After this work was completed, the crystal structure of the restriction enzyme Ecl18kI with DNA was published (23). Ecl18kI recognizes the sequence CCNGG, cleaves DNA before the first cytosine and is related to PspGI (34% sequence similarity). In the crystal, the enzyme is bound to CCAGG sequence and shows that Ecl18kI flips both the adenine and thymine in the central base pair out of the helix. Both the extra-helical bases are sandwiched between arginine and tryptophan residues (Figure 8). This is the first example of flipping of a base within its recognition sequence by a restriction enzyme. The only other example of base flipping by these enzymes is HinP1I, which flips an adenine outside its canonical recognition sequence (35).

Figure 8
Binding pocket for the central base in Ecl18kI and PspGI. The amino acid residues nearest to the central nucleoside (adenosine here) in the Ecl18kI–DNA complex (left) and the corresponding structure in the model for PspGI (right). Identical amino ...

Base flipping observed in the Ecl18kI co-crystal structure supports indirectly our conclusions regarding cytosine flipping by PspGI. To obtain more direct support for our hypothesis, we modeled a PspGI dimer bound to the same DNA sequence as the Ecl18kI co-crystal (CCAGG) based upon the known structures of EcoRII and Ecl18kI (22,23). The resulting model is a significant refinement over an earlier partial model which included only the catalytic domain, had no DNA and lacked N-terminal extension involved in protein–protein and protein–DNA contacts (6). The new model (Figure 8) shows that, similar to Ecl18kI, PspGI can also accommodate the central bases in the recognition sequence in a pocket formed by two α-helices. In both the structures (Figure 8), the flipped out base is buffeted by an aromatic side chain on one side and an arginine on the other. There are no base-specific contacts between the extra-helical bases and the protein, providing a simple explanation for how both the enzymes can accommodate a cytosine or a guanine in the pocket in a manner similar to how the thymine and adenine is found in the Ecl18kI structure. We expect that PspGI, similar to Ecl18kI, should also flip out the A and the T in CCWGG sequences. However, this should not sensitize the adjacent cytosine bases for deamination.

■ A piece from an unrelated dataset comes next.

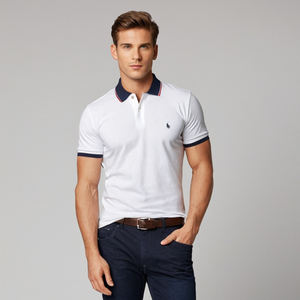 Polo de Color Sólido para Hombre con Tela Transpirable, Cuello Clásico, Diseño de Manga Corta, Perfecto para Uso Diario en Verano y Oficina - Product Image 5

Although our results are consistent with base flipping observed in the Ecl18kI co-crystal structure, they provide several additional details that go beyond the structure. First, in this work the DNA was in aqueous solution and the experiments were performed using moderate salt concentrations. Thus structural artifacts sometimes associated with crystallization are not likely to be present in our experiments. Second, similar to Ecl18kI, PspGI also creates 5-nt overhangs. Bochtler et al. (23) argue that Ecl18kI flips out the central base pair as a way of contracting the distance between the scissile phosphodiester linkages effectively allowing it to cleave DNA on opposite strands at a distance of 4 nt in B DNA. The data presented here support this idea and make it likely that other restriction enzymes that leave 5 nt overhangs will also flip out the central base pair.

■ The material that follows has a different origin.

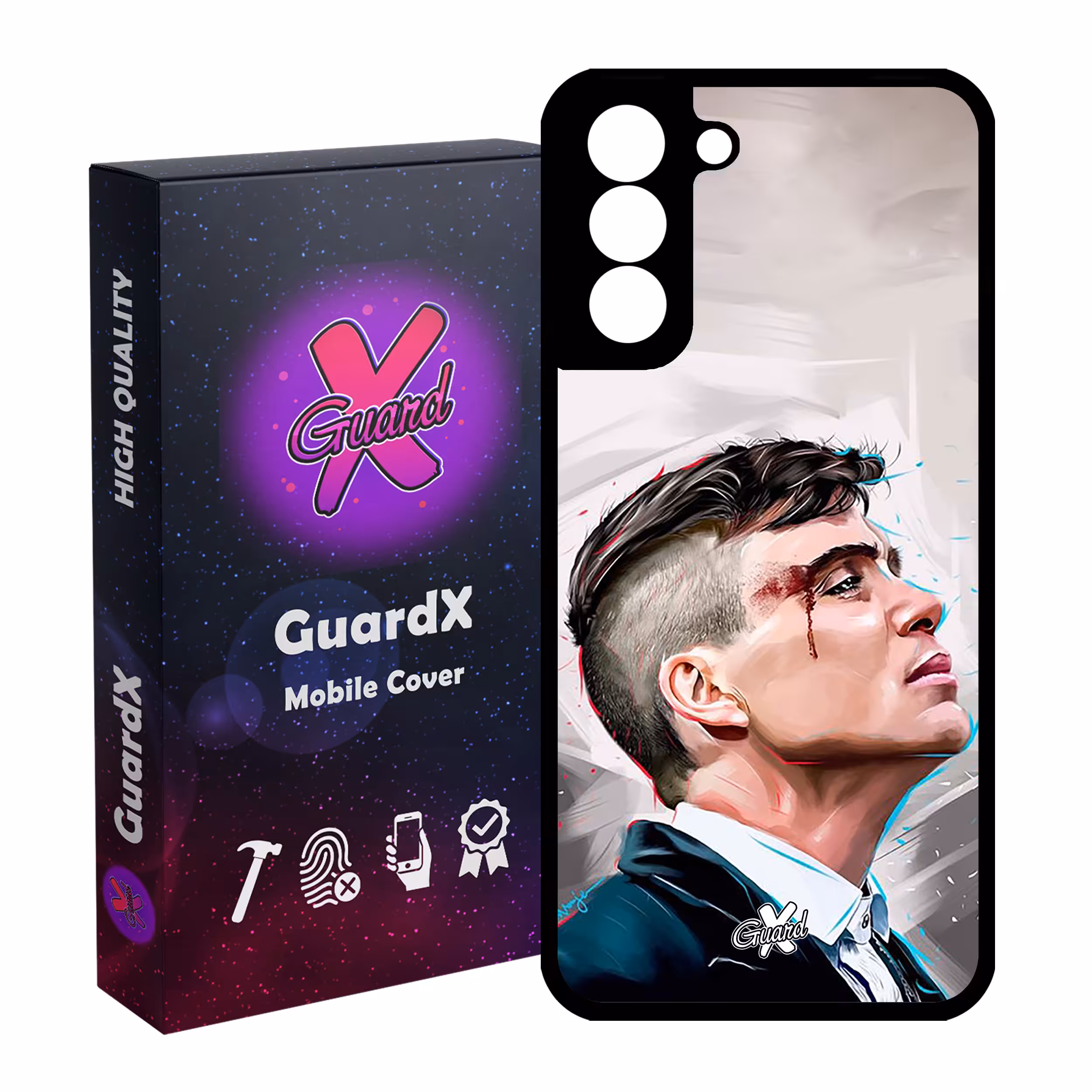 کاور گارد ایکس طرح Peaky Blinders مدل Glass10032 مناسب برای گوشی موبایل سامسونگ Galaxy S21 FE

Third, the data presented here strongly suggest that CCSGG, a site not cleaved by PspGI, undergoes base flipping. In contrast, the Ecl18kI co-crystal has the canonical sequence CCAGG in its DNA. This leads to several observations and conclusions. It shows that flipping of the central bases (presumably the guanine opposite the extrahelical cytosine is also flipped) is not sufficient for PspGI to cleave at CCSGG sequences. It is possible that the flipping of bases in a non-canonical sequence destabilizes the protein–DNA complexes aborting cleavage. Additional studies are needed to determine whether this is correct or PspGI avoids cleaving DNA at CCSGG sites using some other mechanism.

The ability of PspGI to flip DNA bases in CCSGG also suggests that it may have evolved from an ancestor similar to Ecl18kI that cleaves both CCWGG and CCSGG sequences. Previously, evolutionary analysis of CCXGG (X is S, W or N) family of restriction enzymes had revealed that SsoII (recognition sequence CCNGG) is the closest known relative of PspGI (6). The work presented here suggests that the common ancestor of these two enzymes recognized and cleaved at CCNGG sequences. It would be fascinating to explore how the ability to cleave CCSGG sequences was lost by the PspGI branch of the family during its evolution.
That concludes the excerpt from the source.